Each line of the data below must be reproduced without any change.

(Scraped caption text data)
+ + + + + + +

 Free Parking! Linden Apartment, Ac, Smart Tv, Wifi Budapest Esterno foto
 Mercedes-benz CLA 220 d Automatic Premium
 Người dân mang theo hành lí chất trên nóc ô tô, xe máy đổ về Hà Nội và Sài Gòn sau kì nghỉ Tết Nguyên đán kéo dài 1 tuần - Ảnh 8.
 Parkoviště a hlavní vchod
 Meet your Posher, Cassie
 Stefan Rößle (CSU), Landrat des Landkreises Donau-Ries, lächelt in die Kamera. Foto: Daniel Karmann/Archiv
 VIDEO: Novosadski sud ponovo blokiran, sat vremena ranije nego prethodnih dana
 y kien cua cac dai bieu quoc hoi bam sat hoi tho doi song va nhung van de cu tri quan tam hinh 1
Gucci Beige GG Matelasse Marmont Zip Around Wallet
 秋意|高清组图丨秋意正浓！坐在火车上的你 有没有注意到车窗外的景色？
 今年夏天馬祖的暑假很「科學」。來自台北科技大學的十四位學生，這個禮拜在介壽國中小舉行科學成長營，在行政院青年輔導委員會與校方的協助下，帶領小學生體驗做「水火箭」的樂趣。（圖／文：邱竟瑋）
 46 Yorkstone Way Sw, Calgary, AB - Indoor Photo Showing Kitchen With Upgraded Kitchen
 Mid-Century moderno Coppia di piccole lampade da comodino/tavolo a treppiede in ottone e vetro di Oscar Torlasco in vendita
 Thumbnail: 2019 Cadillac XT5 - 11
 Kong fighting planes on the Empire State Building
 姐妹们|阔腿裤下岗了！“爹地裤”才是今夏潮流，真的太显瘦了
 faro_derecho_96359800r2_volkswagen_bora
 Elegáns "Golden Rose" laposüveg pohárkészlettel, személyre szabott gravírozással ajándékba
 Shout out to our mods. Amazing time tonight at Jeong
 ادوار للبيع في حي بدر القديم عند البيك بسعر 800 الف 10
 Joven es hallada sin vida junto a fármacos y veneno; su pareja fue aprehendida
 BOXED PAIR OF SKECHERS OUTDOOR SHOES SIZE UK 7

+ + + + + + +

### Solution to the exercise
 Free Parking! Linden Apartment, Ac, Smart Tv, Wifi Budapest Esterno foto
 Mercedes-benz CLA 220 d Automatic Premium
 Người dân mang theo hành lí chất trên nóc ô tô, xe máy đổ về Hà Nội và Sài Gòn sau kì nghỉ Tết Nguyên đán kéo dài 1 tuần - Ảnh 8.
 Parkoviště a hlavní vchod
 Meet your Posher, Cassie
 Stefan Rößle (CSU), Landrat des Landkreises Donau-Ries, lächelt in die Kamera. Foto: Daniel Karmann/Archiv
 VIDEO: Novosadski sud ponovo blokiran, sat vremena ranije nego prethodnih dana
 y kien cua cac dai bieu quoc hoi bam sat hoi tho doi song va nhung van de cu tri quan tam hinh 1
Gucci Beige GG Matelasse Marmont Zip Around Wallet
 秋意|高清组图丨秋意正浓！坐在火车上的你 有没有注意到车窗外的景色？
 今年夏天馬祖的暑假很「科學」。來自台北科技大學的十四位學生，這個禮拜在介壽國中小舉行科學成長營，在行政院青年輔導委員會與校方的協助下，帶領小學生體驗做「水火箭」的樂趣。（圖／文：邱竟瑋）
 46 Yorkstone Way Sw, Calgary, AB - Indoor Photo Showing Kitchen With Upgraded Kitchen
 Mid-Century moderno Coppia di piccole lampade da comodino/tavolo a treppiede in ottone e vetro di Oscar Torlasco in vendita
 Thumbnail: 2019 Cadillac XT5 - 11
 Kong fighting planes on the Empire State Building
 姐妹们|阔腿裤下岗了！“爹地裤”才是今夏潮流，真的太显瘦了
 faro_derecho_96359800r2_volkswagen_bora
 Elegáns "Golden Rose" laposüveg pohárkészlettel, személyre szabott gravírozással ajándékba
 Shout out to our mods. Amazing time tonight at Jeong
 ادوار للبيع في حي بدر القديم عند البيك بسعر 800 الف 10
 Joven es hallada sin vida junto a fármacos y veneno; su pareja fue aprehendida
 BOXED PAIR OF SKECHERS OUTDOOR SHOES SIZE UK 7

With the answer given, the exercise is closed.